● **Source data**:
◆ ◆ ◆ ◆
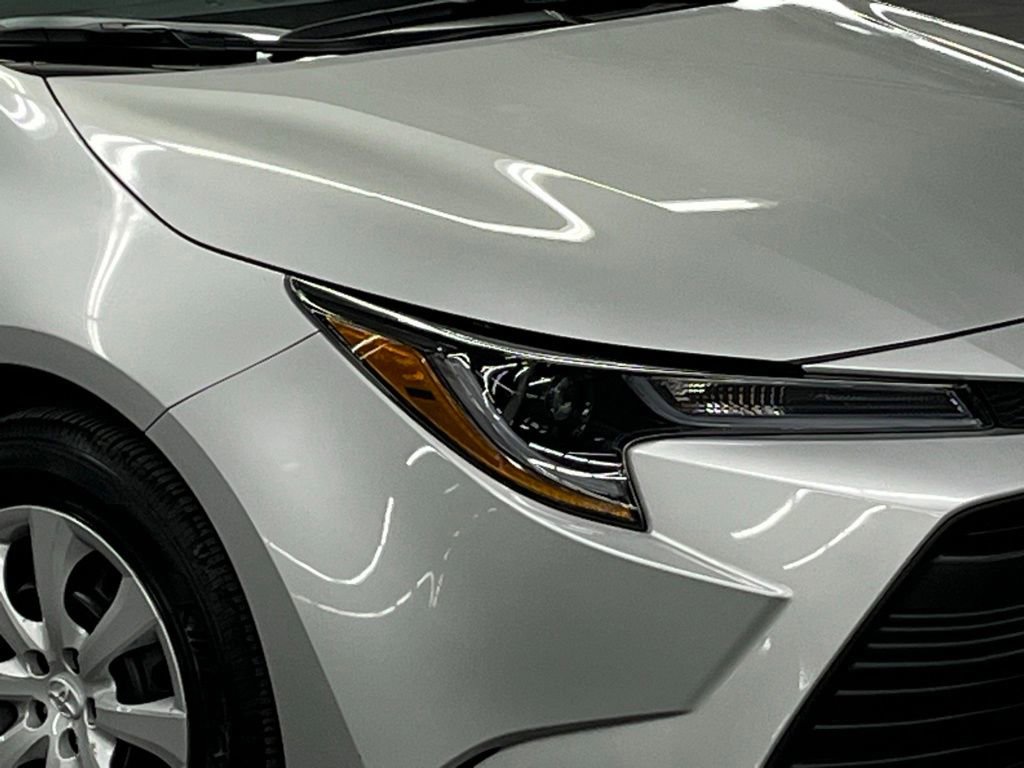 Used 2024 Toyota Corolla LE image 39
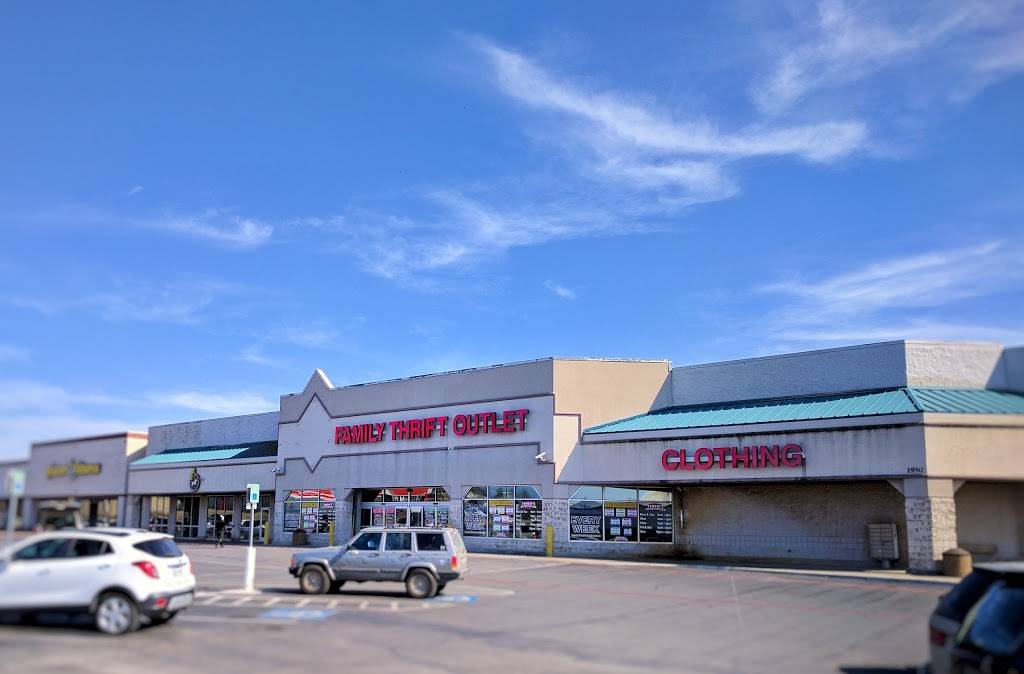 Family Thrift Outlet | 1950 Ephriham Ave, Fort Worth, TX 76164, USA | Phone: (817) 625-0707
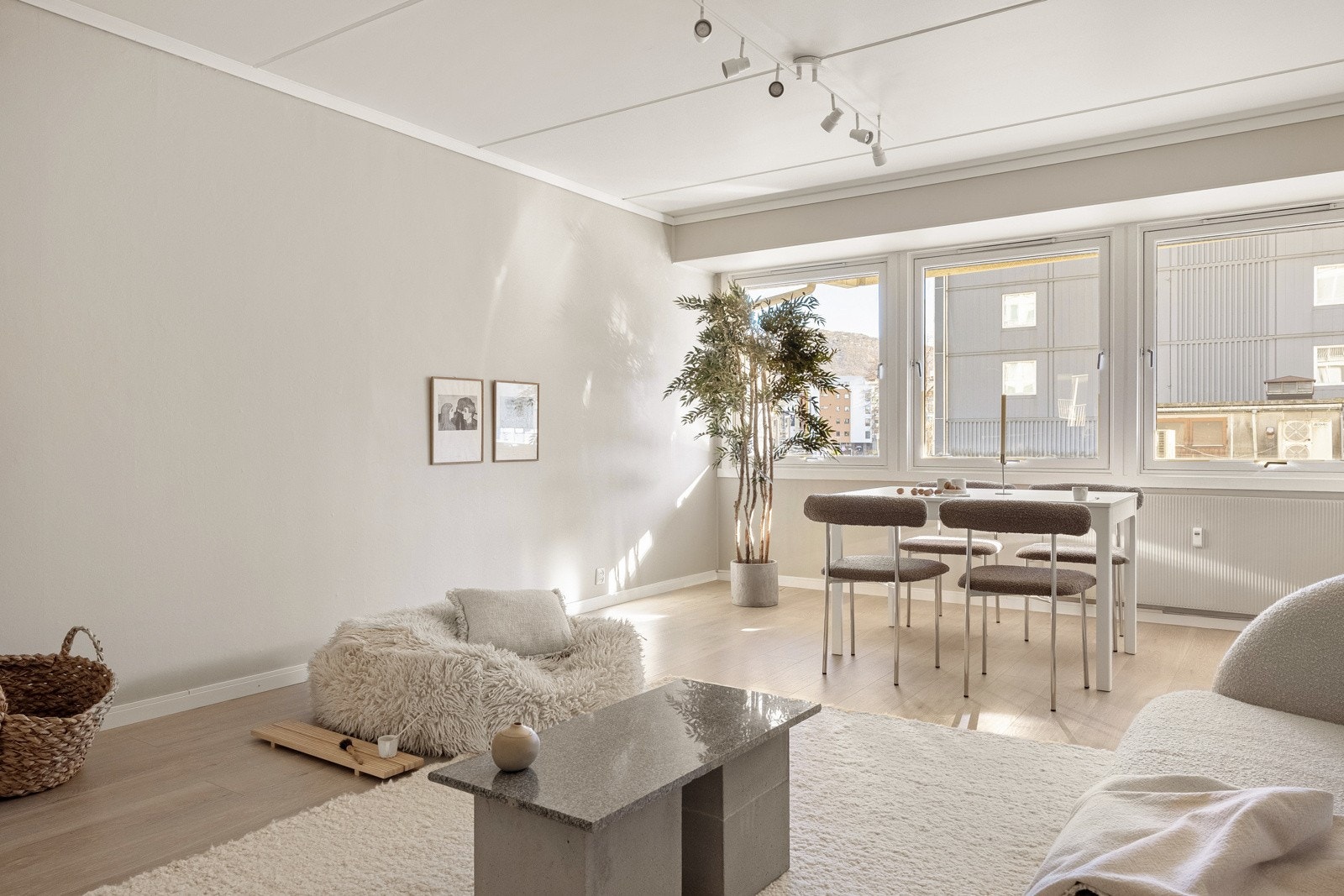 Solheimsgaten 72 presenteres av EIE eiendomsmegling v/Sebastian Eide. Galleribilde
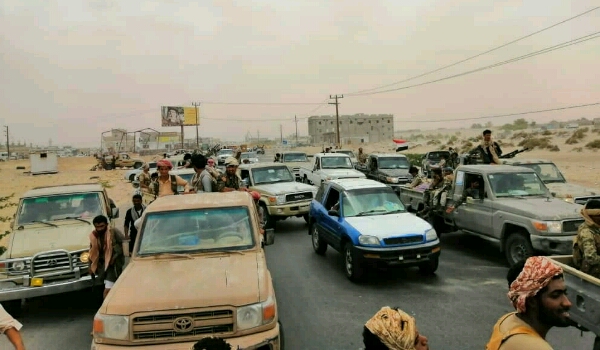 القوات الحكومية على مشارف ”زنجبار“ و”النخعي“ يقود ألوية الجنوب العسكرية لتحرير ”عدن“ والحكومة تقدم عرضا لمليشيا ”السيد“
◆ ◆ ◆ ◆
The listing must be repeated word for word, and none of its pictures may appear in the copy.

● **Written reply**:
 Used 2024 Toyota Corolla LE image 39
 Family Thrift Outlet | 1950 Ephriham Ave, Fort Worth, TX 76164, USA | Phone: (817) 625-0707
 Solheimsgaten 72 presenteres av EIE eiendomsmegling v/Sebastian Eide. Galleribilde
 القوات الحكومية على مشارف ”زنجبار“ و”النخعي“ يقود ألوية الجنوب العسكرية لتحرير ”عدن“ والحكومة تقدم عرضا لمليشيا ”السيد“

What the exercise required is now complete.